Had a complaint from a member of staff recently that all students work folders showed up as My Documents when he was browsing through their work.
Many of you may have been directed to this Microsoft KB as a ‘solution’. http://support.microsoft.com/kb/947222
Not much of a solution if you ask me. Redirection to a subfolder would work, but do you really want to change something that significant on your network? Enable exclusive access would be fine if you didn’t need to give other people access to the documents folder. In a student-teacher situation, teachers need to be able to see the students work, so this doesn’t work for us. Option 3 – deny permission to the desktop.ini. We have 1400 students. That’s a lot of changes – yes I could use xcacls or subinacl to automate it, but what a headache.

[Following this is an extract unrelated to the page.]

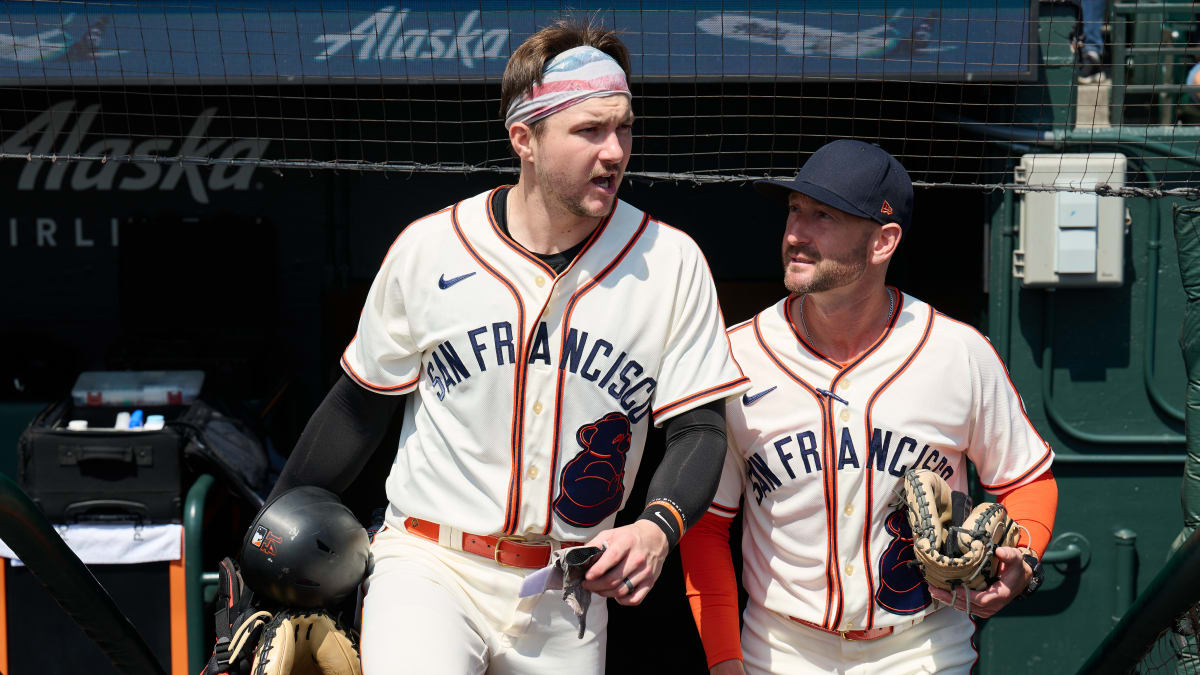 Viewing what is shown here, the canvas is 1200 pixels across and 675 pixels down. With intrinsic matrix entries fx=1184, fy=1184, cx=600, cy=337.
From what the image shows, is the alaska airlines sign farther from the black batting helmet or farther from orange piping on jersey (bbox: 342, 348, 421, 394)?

The best ‘solution’ that we have come up with, is to simply delete the desktop.ini file at logoff. We created a VB Script, which looks for a desktop.ini file in the user’s My Documents folder, and if it exists then delete it. Attach this into a GPO that affects the user as a logoff script.
The code we used is:
On Error Resume Next Set WSHShell = WScript.CreateObject("WScript.Shell") Set FSO = CreateObject("Scripting.FileSystemObject")
DocsPath = WSHShell.SpecialFolders("MyDocuments")
If FSO.FileExists (DocsPath & "\desktop.ini") Then FSO.DeleteFile (DocsPath & "\desktop.ini") End If
Next time the user logs on and then off again, the desktop.ini file will be deleted, and the folder will show as the username of the user.
Shame there isn’t a GPO option which allows you to turn off this feature. On a home machine it is great, but in a corporate environment you need to be able to turn off the fancy features and see exactly what you have got.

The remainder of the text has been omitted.